How do you celebrate that? How, when something is so consistently above average for such a long time, do you bottle and preserve it?

When an attacking player retires, his eulogy is pre-written. His memory is preserved by all the memorable high-points that he’s naturally intertwined with and his legacy is secured by dozens of highlight videos and heroic poses. For a defender, it’s different. Unlike a Steven Gerrard, a Paul Scholes, or a Ryan Giggs, Rio Ferdinand’s career was not the cumulative product a series of individual moments. It’s been smoother than that. With the exception of the first and last few, his 710 professional club performances look, in retrospect, like one long, continuous ninety minutes. The seasons rolled on and the team changed around him, but Ferdinand remained locked in the same high gear for almost a decade.

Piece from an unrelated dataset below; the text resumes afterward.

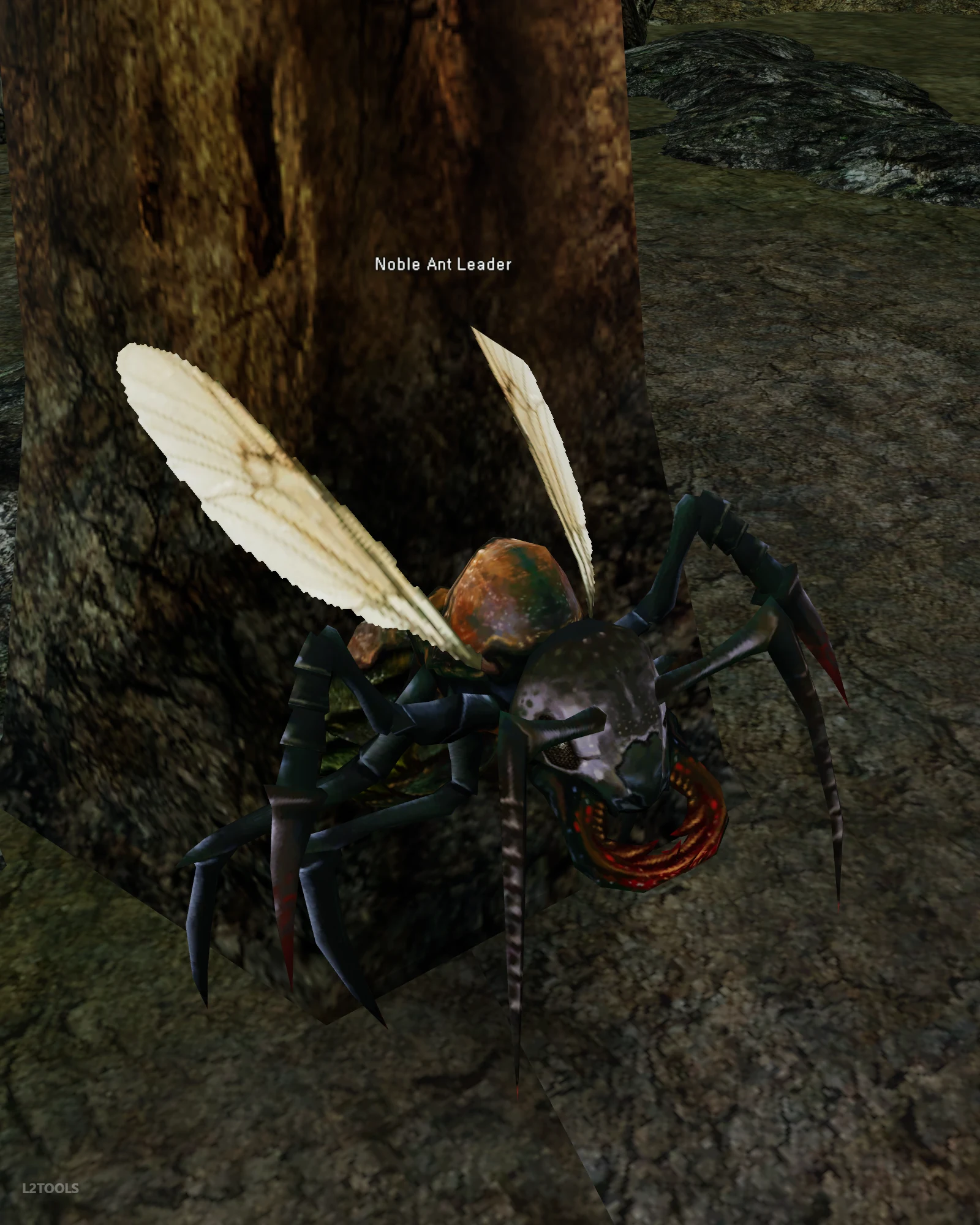 Noble Ant Leader portrait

He’s been the bass player in the world-conquering band. He’s provided the steady, anchoring rhythm while the guitars have screamed, the drums have thundered and the voices have wailed. Led Zeppelin’s fans hung posters of Jimmy Page and Robert Plant rather than John Paul Jones, and that’s because, as with Rio Ferdinand, there’s no flourish or flair to unwavering quality and no proper handle with which to grasp it.

It’s just been less obvious, but no less great.